My Photos 1 2

One of Sydney's most compact shipwreck sites would have to be the wreck of the SS Royal Shepherd, located only a few hundred metres outside Sydney Harbour off South Head.


Royal Shepherd
The Royal Shepherd
The Royal Shepherd was built by Blackwood and Gordon of Paisley, Scotland and launched in 1853. Originally owned by the Launceston and Melbourne Steam Navigation Co., the Royal Shepherd was 331 tons, 42 metres long and 6 metres wide. Powered by a twin cylinder oscillating steam engine, the ship was at first based in Melbourne before moving to Tasmania, Adelaide and finally Sydney. The ownership changed many times over the years, with owners including Tasmanian Steam Navigation Company, Spencer Gulf Steamship Co. Ltd, H.J. Cattanach, W.A. Firth, T. Elder et al and finally J. Warburton and Son of Pyrmont, Sydney.

Originally built as a passenger/cargo vessel for the Bass Strait service with capacity for 50 passengers, it was converted a number of times over its 37 year career, with its final role being a collier and a latter role as a sewage ship taking wastes out to sea!!

On Monday 14 July 1890 at 9.35 pm, the Royal Shepherd left Sydney Harbour for Bulli to load coal under the command of Captain Thomas Hunter. An interesting point is that Captain Hunter was the skipper of the SS Duckenfield which sank less than 14 months earlier in May 1889 only a few kilometres north of the Harbour at Long Reef and had only just received back his master's certificate after that incident.
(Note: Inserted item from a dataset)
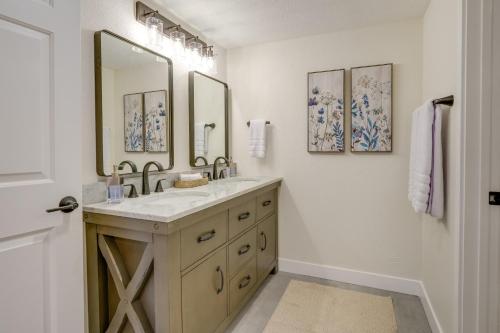 a bathroom with a sink and a mirror at Fully Renovated Phoenix Condo with Pool-View Balcony in Phoenix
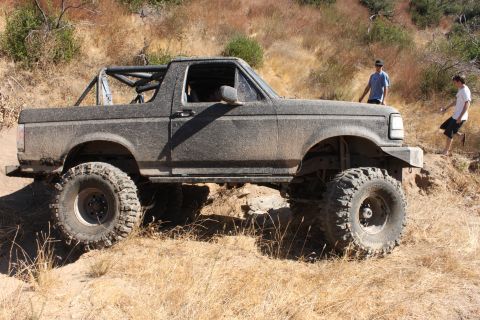 1992 Ford Bronco - A heavily modified 1992 Ford Bronco navigates a dry, grassy trail with two people observing.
On the way out of the Harbour, the Royal Shepherd was towing the schooner Countess of Erroll (also owned by Warburton) which was bound for Wollongong. The Heads were cleared at 10.30 pm and a course to the south was steered. At 11 pm the lights of three or four vessels were seen and at 11.15 pm the SS Hesketh, a heavily laden collier heading into Sydney Harbour, collided with the Royal Shepherd and bumped the Countess of Erroll. The Royal Shepherd sank within 10 minutes, the skipper of the Countess of Erroll cutting her free when he saw the Shepherd was going to sink. He set sail for Wollongong but due to strong head winds he put about and went to Newcastle. It is not known why he did not assist with the rescue but I assume that he was worried his vessel may have been blown ashore. Meanwhile, the Hesketh rescued all the crew of the Royal Shepherd and entered Sydney Harbour.

A Marine Board of Inquiry found that the skipper of the Hesketh, Captain Marcus Osborne, was responsible for the collision "for not stopping and reversing in time to avert a collision". His master's certificate was cancelled for six months.

The wreck of the Royal Shepherd was revealed to the Maritime Archaeological Association of NSW in February 1979. However, the South Pacific Divers' Club newsletter, Wet Rag in its June/July 2007 issue states that it was found in 1976 by Martin Kandilas, John Verren and Dave Bailey. Since then, many thousands of divers have dived this wreck.

The wreck now consists only of the boiler, engine, driveshaft and prop sitting upright on the sand at 30 metres. The wreck lies running almost due north-south, with the prop at the northern end.

From the stern you will see the prop with two blades showing above the sand. From here the driveshaft runs south to the flywheel. This is very large and towers over the rest of the wreck site. In front of here the engine, now over 140 years old, is, according to noted wreck authority John Riley, the best presented example of an early steam engine in Australia. Unfortunately, there is little else left apart from the engine and mechanicals. It is an especially interesting engine as the compound steam engine is inverted, with the cylinders at the bottom of the engine and the crankshaft at the top. Most engines have the cylinders on the top.

Forward of the engine is the boiler. Unlike nearly every shipwreck the boiler is square. The wreck appears to end south of the boiler but in fact there is more wreckage about 15 metres away. Swim south in a direction lined up with the main part of the wreck and you will come across a small deck winch.

Fishlife is not all that prolific, but you will see moray eels, cuttlefish, bullseyes and some species of leatherjackets as well as small flathead on the sand.

At a depth of 27 to 30 metres, the wreck is one that is easily accessible to all experienced divers. However, due to its close proximity to the entrance to Sydney Harbour, the Royal Shepherd is sometimes subject to dirty water, especially after periods of heavy rain. An incoming tide is best, I had 25 metres in late December 2003 about two hours before high tide. As it is a bit protected from southerly winds and seas, it is a good alternative dive when there is a big southerly running.

In summary, the SS Royal Shepherd is a very good, if somewhat small, dive site, that is a bit too small to be dived more than once every now and then.